IntGenerator = Generator[int, None, None]


class IntStream:
    def __init__(self, gen: IntGenerator):
        self.root_gen, self.original = itertools.tee(gen, 2)
        self.consumed = 0
        self.peeked = deque()

    def peek(self) -> int:
        if self.peeked:
            return self.peeked[0]

        try:
            v = next(self.root_gen)
        except StopIteration:
            raise StopIteration(
                "Can't peek more values, the generator has been fully consumed."
            )

        # store the value just peeked
        self.peeked.append(v)
        return v

    def peekn(self, n=1) -> Tuple[int, ...]:
        num_already_peeked_values = len(self.peeked)
        if n < num_already_peeked_values:
            return self.peeked[:n]

        num_not_peeked = n - num_already_peeked_values
        next_values = tuple(itertools.islice(self.root_gen, n))
        self.peeked.extend(next_values)
        return tuple(self.peeked)

    def get_range(self, pos_from, n: Optional[int] = None) -> Tuple[int, ...]:
        current, backup = itertools.tee(self.original, 2)
        self.original = backup
        # advance iterator to wanted starting position - 1
        for value in itertools.islice(current, pos_from - 1):
            continue

        return tuple(current) if not n else tuple(itertools.islice(current, n))

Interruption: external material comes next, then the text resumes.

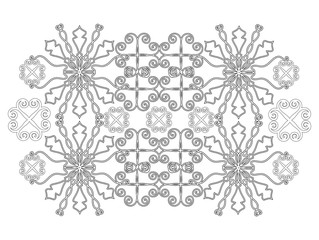 floral ornament. isolated black-and-white outline drawing by hand. coloring. embroidery design. print, template.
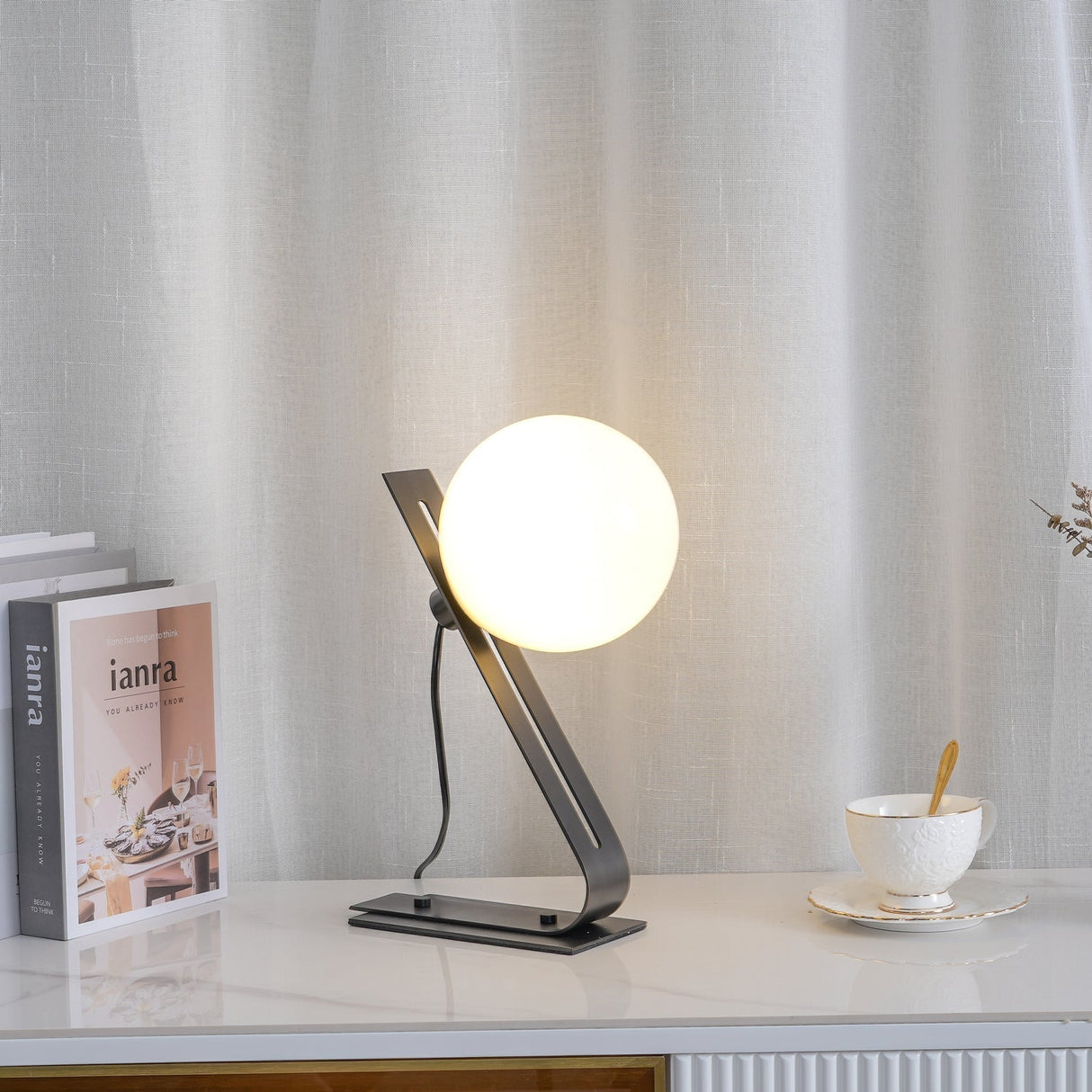 Modern Table Lamp  Glass Globe Brass Frame Design - Detailed view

    def consume(self) -> int:
        self.consumed += 1
        if self.peeked:
            return self.peeked.popleft()
        return next(self.root_gen)

    def __repr__(self) -> str:
        return f"IntStream(\n{self.peekn(10)}\n...)"

We can use the same code as before to test it:

s = IntStream(g)

print(s.peek())  # Will print: 0
print(s.peek())  # Will print: 0
print(s.consume())  # Will print: 0
print(s.peek())  # Will print: 1
print(s.consume())  # Will print: 1

# Peek multiple values
print(s.peekn(10))  # Will print: (2, 3, 4, 5, 6, 7, 8, 9, 10, 11)

print(s.consume())  # Will print: 2

# Consume the next 20 values
for _ in range(20):
    s.consume()

print(s.peek())  # Will print: 23

current_position = s.consumed

print(current_position)  # Will print: 23


# Will print (18, 19, 20, 21, 22, 23, 24, 25, 26, 27)
print(s.get_range(pos_from=current_position - 4, n=10))

Some real-world use cases

I got these ideas of implementing a “peekable” iterator while taking David Beazley’s Write a Compiler course (if you’re interested in compilers, I highly recommend that course).

When iterating over a stream of tokens, you may want to know if the next thing to parse is a variable assignment. In this case, the .peekn() method could be useful to check if the next 2 tokens are a NAME + = sign (e.g: num = ...). Using a single .peek() may not be enough because a NAME token could also be the beginning of a function call.

In the compilers case, the peek_range method could be helpful to get some information for error messages. I was mostly using it for debugging purposes, when my parser failed it was useful to know the previous and next tokens in my iterator.